I’d heard mention of Loghaven in the last few years but didn’t really understand its history or its current purpose. I had no idea that it was so close to downtown, situated just about a three-minute drive from the Henley Bridge. I recently learned that Sanders Pace Architecture won a rare national award for their work there and I wanted to learn more.
Sarah Swinford, Loghaven Director, was kind enough to walk me around the property, show me the work that has been done, and tell me a bit about the history of the site. The history provided here was provided by her and an excellent paneled display on the property. I also spoke with Andrea Bailey, Executive Director of the Aslan Foundation, and with Brandon Pace, of Sanders Pace Architecture regarding their role in the project.
The modern history of the property dates to the early 1900s. Myssie Thompson, who had followed her husband about the company as he followed railroad jobs, followed him to Knoxville. In 1919, living on the Loghaven property, she determined to stay in Knoxville while he moved on. After temporarily losing the property, she regained it and added to it over the coming decades.
By all accounts, a very modern woman, she lived in the woods, while also circulating among Knoxville’s elite society. She began to build cabins on the property in the rustic style that became a popular reactionary movement during the Victorian era, with plans to rent them out for income. Her neighbor, John Hightower, also began work on a cabin in 1931 and it now is also part of Loghaven.
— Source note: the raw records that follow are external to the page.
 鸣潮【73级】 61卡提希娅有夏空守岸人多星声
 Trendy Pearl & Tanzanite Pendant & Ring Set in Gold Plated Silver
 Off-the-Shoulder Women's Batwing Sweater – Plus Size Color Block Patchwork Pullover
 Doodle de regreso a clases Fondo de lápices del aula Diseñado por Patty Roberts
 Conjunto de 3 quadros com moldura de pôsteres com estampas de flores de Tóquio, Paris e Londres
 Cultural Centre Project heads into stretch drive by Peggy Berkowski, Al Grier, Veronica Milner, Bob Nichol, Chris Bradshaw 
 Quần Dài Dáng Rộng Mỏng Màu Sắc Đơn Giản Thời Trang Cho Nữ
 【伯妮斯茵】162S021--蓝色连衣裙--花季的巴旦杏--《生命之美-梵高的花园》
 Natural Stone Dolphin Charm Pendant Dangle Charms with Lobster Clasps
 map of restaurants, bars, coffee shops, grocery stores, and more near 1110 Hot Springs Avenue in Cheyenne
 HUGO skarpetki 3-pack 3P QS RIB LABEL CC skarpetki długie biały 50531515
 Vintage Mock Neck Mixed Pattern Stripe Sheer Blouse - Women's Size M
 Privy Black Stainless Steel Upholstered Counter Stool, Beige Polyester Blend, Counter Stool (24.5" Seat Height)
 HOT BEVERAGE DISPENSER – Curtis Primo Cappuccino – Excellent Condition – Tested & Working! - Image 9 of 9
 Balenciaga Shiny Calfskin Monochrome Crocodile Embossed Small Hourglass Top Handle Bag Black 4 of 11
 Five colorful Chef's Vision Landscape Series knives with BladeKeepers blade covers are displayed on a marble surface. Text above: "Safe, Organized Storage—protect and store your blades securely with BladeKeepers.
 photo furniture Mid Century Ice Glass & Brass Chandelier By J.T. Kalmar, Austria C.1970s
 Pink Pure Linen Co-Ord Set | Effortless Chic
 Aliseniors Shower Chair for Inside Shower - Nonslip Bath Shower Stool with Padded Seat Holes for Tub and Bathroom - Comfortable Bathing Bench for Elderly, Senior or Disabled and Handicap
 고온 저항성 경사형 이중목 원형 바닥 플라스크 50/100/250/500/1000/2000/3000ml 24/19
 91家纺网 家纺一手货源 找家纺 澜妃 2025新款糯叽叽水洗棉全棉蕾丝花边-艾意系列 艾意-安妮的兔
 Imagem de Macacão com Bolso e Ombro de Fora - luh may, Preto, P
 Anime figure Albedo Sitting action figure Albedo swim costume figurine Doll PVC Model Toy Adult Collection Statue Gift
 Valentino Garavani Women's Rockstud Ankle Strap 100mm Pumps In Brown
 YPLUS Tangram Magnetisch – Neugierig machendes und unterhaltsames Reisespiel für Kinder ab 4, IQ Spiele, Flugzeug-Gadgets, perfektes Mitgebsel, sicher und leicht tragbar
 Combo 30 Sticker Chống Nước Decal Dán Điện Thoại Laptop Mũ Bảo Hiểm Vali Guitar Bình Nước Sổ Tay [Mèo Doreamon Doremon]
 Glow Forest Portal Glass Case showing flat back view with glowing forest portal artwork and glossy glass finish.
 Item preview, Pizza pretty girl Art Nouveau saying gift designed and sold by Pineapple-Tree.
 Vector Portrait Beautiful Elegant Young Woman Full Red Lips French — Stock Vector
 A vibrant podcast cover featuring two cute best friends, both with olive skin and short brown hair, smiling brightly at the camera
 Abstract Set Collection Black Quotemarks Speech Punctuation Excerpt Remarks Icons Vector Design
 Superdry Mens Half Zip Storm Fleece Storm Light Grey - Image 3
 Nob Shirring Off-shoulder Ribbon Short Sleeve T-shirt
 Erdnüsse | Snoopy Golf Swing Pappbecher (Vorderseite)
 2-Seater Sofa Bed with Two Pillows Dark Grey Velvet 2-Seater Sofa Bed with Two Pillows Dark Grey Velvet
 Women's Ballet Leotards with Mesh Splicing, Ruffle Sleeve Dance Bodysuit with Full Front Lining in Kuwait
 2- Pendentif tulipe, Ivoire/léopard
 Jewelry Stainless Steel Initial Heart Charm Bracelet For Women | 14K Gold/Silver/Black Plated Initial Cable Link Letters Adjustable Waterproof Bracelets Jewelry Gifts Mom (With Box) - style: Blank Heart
For forty years, Myssie Thompson owned and operated the community, serving as landlord to TVA workers building the Norris Dam and Alfred Clauss, a TVA architect who would build the nearby “Little Switzerland” neighborhood. Lowell Blanchard, host of the influential Mid-Day Merry-Go-Round and Knoxville News Sentinel Columnist Bert Vincent, who wrote the popular “Strolling,” column also lived there.
By the 1960s many residents were UT professors and their families. By the 1970s, it became a popular spot for students to live and getting a lease was described as extremely competitive. When Myssie died in 1975, at age eighty-nine, the property passed to her sons who sold it. In 1978, a recent UT gradate named Chris Whittle, along with partners, purchased the property as a community for himself and his employees. From there they launched a publishing empire that included Whittle Communications and would boast 600 employees by 1986.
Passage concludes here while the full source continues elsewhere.